The barbarian invasions had destroyed the schools of Rome, and since then there had been hardly any schools in all Europe, save those for the few boys who lived in the monasteries. The four centuries had been so full of warfare and bloodshed and conquest that scholarship and the arts of peace had almost disappeared from Europe. People have called those times the "Dark Ages," because the light of learning seemed to have been blotted out. But Charlemagne was determined that his subjects should not remain barbarians. So he set up the first free public schools in Europe and made a decree, which was published in the farthest corners of his realm, that every boy, whether rich or poor, son of a serf or of a freeman, should be allowed to go to them. But the most interesting of all and the most famous was his own School of the Palace.
If we had come to the court during a session, I doubt if we would have known that it was a school at all. In the first place we should look for books, but there would be hardly any books, for this was long before the invention of printing, and the few books which were written had to be laboriously copied letter by letter and sentence by sentence by practiced scribes. So books were very rare and very precious: There would be no writing paper like ours, but scrolls of heavy parchment, on which the learned scholars might write with quill pens, and wax tablets and steel points with which beginners might practice the forming of letters.

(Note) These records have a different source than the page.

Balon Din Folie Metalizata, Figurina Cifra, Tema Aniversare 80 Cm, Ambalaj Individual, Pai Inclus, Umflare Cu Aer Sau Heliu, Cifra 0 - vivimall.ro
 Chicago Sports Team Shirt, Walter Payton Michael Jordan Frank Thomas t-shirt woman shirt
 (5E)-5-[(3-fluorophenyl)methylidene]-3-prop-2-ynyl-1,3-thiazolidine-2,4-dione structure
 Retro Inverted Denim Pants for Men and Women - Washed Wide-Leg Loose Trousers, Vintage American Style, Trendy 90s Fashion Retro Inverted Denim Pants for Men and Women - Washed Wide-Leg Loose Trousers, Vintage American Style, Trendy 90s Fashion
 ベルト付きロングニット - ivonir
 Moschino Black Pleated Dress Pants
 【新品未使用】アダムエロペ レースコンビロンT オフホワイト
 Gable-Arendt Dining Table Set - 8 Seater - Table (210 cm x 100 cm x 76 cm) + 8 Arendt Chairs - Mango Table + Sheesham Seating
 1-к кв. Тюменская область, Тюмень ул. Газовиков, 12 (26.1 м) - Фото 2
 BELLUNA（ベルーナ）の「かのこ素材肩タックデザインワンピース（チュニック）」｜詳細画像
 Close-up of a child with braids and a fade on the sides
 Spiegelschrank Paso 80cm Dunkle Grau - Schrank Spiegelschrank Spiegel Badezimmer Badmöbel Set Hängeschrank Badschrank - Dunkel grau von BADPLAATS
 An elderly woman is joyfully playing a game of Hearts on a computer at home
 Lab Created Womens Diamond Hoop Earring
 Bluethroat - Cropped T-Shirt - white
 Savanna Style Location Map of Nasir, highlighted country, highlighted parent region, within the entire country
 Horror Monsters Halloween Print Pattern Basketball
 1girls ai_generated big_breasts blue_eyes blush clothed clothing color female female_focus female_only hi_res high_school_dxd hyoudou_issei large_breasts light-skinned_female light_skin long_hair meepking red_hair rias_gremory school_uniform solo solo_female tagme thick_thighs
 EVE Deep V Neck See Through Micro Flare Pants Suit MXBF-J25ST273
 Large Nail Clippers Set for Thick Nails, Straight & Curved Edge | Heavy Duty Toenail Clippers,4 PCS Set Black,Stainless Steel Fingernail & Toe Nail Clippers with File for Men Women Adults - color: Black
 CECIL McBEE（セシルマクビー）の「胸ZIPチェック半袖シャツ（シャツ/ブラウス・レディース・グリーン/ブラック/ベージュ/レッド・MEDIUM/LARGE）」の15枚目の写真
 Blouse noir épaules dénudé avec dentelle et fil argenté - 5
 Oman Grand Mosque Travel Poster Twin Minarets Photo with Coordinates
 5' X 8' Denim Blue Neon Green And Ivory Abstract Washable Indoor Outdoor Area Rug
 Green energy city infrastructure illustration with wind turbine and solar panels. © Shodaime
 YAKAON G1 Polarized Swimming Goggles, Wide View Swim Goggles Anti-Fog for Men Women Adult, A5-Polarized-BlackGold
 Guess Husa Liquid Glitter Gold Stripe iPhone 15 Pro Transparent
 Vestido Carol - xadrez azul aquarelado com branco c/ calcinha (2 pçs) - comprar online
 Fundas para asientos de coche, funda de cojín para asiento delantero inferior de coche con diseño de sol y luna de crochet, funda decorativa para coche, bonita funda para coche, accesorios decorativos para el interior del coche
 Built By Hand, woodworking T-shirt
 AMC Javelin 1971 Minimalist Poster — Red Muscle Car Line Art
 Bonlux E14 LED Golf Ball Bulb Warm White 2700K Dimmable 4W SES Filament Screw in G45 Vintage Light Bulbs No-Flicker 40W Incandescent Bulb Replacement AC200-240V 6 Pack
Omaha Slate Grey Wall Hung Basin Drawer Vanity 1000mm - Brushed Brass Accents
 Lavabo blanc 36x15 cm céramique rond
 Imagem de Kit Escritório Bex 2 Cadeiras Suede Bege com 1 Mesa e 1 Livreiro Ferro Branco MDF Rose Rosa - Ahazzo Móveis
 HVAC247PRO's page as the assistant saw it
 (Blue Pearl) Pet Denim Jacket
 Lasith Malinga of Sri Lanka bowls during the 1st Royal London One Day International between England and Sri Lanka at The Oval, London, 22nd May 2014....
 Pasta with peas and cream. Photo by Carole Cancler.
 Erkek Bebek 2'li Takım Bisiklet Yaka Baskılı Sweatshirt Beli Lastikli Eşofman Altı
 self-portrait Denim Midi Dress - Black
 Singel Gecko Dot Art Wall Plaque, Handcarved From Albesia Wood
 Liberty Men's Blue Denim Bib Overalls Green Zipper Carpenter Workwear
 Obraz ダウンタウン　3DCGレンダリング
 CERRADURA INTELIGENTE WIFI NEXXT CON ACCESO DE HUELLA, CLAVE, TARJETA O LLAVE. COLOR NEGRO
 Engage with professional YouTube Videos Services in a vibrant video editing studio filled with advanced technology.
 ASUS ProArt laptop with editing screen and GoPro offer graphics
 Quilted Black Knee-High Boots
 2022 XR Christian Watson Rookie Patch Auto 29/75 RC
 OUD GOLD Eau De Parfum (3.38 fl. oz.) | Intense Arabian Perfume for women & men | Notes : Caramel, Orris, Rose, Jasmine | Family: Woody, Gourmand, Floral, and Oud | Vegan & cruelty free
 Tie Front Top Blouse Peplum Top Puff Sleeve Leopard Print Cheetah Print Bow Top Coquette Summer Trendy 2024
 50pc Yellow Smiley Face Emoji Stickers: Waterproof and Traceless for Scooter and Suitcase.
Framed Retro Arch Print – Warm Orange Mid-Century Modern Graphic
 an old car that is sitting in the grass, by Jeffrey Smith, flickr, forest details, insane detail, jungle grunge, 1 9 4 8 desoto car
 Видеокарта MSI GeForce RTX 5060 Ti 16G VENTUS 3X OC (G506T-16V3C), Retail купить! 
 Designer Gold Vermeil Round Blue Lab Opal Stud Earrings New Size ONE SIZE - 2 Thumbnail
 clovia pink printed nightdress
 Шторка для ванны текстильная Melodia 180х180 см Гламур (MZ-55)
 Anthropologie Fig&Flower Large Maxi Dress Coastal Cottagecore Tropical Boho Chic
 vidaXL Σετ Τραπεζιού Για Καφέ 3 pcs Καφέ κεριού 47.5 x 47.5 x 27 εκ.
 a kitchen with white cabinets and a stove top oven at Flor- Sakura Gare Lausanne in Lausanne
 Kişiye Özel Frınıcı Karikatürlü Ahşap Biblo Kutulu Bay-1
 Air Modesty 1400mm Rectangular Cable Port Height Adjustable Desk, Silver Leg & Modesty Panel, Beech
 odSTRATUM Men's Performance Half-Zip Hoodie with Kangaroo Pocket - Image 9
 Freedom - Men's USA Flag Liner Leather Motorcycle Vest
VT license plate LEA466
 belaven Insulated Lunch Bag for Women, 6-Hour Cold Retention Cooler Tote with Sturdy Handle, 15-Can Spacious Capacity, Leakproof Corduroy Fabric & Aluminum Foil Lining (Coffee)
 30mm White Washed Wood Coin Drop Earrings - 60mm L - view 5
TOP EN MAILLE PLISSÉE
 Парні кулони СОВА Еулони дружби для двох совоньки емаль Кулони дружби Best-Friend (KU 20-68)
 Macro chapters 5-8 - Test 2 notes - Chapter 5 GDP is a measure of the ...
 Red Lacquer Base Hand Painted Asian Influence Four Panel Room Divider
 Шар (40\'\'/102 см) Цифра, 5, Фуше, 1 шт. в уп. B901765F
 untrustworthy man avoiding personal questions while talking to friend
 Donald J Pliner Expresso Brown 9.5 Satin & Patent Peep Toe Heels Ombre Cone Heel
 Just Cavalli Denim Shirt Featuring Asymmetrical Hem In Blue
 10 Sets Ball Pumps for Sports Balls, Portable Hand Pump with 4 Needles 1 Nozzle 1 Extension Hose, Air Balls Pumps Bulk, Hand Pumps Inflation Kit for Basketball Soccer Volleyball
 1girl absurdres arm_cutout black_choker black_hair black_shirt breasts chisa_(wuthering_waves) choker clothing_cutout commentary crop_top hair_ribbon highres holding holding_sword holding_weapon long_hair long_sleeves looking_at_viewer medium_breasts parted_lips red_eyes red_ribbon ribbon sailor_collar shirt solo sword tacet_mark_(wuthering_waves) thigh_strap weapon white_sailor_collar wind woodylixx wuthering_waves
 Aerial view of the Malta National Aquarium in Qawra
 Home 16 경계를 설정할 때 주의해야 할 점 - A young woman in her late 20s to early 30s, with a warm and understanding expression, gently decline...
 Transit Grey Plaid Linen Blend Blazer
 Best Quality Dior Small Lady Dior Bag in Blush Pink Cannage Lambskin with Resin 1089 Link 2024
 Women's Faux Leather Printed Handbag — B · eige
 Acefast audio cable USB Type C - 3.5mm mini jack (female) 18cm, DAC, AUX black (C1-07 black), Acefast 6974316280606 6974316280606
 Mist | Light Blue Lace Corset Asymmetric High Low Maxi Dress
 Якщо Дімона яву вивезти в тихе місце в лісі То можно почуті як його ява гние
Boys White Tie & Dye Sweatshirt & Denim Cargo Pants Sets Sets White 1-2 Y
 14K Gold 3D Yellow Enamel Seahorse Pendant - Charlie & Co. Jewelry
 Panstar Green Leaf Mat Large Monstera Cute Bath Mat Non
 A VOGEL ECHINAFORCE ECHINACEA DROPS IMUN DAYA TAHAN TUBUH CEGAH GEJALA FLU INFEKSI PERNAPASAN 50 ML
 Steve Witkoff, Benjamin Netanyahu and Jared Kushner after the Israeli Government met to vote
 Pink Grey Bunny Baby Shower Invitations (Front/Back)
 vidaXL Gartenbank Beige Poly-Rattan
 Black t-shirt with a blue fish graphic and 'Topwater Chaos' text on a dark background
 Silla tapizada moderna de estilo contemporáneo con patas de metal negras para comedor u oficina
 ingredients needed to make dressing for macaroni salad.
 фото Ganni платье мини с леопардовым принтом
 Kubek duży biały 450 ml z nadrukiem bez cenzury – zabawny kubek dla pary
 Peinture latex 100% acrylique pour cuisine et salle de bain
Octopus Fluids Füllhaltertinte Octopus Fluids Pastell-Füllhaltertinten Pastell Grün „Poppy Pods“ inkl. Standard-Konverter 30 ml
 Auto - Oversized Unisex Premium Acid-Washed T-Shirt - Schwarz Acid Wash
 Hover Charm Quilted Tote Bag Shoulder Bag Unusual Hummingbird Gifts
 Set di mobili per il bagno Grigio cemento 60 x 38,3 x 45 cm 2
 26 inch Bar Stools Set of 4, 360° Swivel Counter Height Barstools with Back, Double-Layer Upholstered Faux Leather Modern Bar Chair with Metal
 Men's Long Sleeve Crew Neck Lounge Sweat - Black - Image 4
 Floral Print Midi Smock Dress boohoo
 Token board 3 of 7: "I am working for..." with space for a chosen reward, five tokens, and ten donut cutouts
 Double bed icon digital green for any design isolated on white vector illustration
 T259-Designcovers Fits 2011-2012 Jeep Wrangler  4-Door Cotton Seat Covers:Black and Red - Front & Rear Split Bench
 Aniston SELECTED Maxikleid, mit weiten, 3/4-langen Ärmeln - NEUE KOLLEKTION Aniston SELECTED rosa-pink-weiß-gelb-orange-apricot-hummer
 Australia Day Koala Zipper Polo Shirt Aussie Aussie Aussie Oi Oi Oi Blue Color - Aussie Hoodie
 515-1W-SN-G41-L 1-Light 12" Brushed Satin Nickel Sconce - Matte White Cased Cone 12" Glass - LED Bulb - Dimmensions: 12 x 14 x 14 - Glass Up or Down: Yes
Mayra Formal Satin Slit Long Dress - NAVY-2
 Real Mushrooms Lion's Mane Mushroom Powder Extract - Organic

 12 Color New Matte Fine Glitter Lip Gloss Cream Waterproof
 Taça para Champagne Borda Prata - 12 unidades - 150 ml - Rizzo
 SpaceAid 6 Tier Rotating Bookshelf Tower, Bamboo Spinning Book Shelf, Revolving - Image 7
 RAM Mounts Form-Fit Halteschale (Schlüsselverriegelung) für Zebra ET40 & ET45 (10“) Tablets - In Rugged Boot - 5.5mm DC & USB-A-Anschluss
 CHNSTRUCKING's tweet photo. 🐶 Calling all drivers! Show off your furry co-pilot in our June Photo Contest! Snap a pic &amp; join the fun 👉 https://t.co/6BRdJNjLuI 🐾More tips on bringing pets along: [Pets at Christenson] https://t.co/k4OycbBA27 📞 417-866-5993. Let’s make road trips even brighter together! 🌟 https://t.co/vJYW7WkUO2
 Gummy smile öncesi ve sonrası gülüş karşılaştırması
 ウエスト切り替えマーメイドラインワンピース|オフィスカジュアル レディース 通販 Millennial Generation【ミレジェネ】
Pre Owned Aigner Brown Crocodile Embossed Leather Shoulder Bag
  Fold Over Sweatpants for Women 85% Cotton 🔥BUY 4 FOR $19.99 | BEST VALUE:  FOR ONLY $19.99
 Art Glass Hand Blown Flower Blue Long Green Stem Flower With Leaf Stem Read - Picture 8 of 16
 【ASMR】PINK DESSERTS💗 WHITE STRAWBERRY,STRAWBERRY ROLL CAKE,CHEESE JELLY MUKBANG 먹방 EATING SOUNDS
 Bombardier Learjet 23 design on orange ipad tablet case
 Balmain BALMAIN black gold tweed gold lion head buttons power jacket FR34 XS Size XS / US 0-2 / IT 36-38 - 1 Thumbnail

Charlemagne could never learn to write. He began too late in life, and, though he used to keep blanks and tablets under his pillow in bed that he might practice when he was wakeful, his hand was too familiar with the mighty sword Joyeuse to use skillfully so tiny a weapon as a pen. But in all else that was taught in the school he was the best student of all, and his sons and his daughters had hard work to keep up with him.
With so few books to study, everything depended on the teacher, who had to give out what should be learned, and Charlemagne sent across the channel to Britain and persuaded the great English scholar, Alcuin, to come over and be master of the Palace School. Alcuin had to get permission of the English king, for he was a very famous scholar, and learning was greatly prized in England; but he came and taught Charlemagne and his court for fourteen years, and this is the way he taught them. He would make up a series of questions and answers, and the pupils would ask the questions and he give the, answers until they knew them thoroughly. Sometimes the scholars would think up their own questions; and Alcuin tells us that he used to rise before daybreak and study out answers to some of the emperor's perplexing questions, for there was no subject in heaven or earth about which Charlemagne did not have a passionate curiosity.
The names of some of the studies which were taught are like ours,—grammar, arithmetic, physiology, and astronomy,—but to us the lessons seem very queer. Here are some of the questions in the dialogue exercise which Alcuin gave to his sixteen-year-old pupil, Pepin, Charlemagne's son. It began with physiology. Pepin was to ask, "What is the mouth?" and Alcuin would answer, "The nourisher of the body, because all food comes in through it." "What is the stomach?" would be the next question, and the answer would be, "The cook of the food." "What is the head?" "The preserver of memory." "And the eyes?" the boy was to ask, "what are they?" "The eyes, my son, are the guides of the body, the organs of light, the index of the soul." The hands, Alcuin taught, were the workmen of the body, the bones were the strength of the body, and the limbs were the columns of the body. Twenty-six questions and answers like this would be all that Prince Pepin would ever be required to know about physiology, and then Alcuin would turn to another subject, perhaps to arithmetic, where he would teach, among other things, that man was placed between six walls, the names of which were "above, below, before, behind, right and left."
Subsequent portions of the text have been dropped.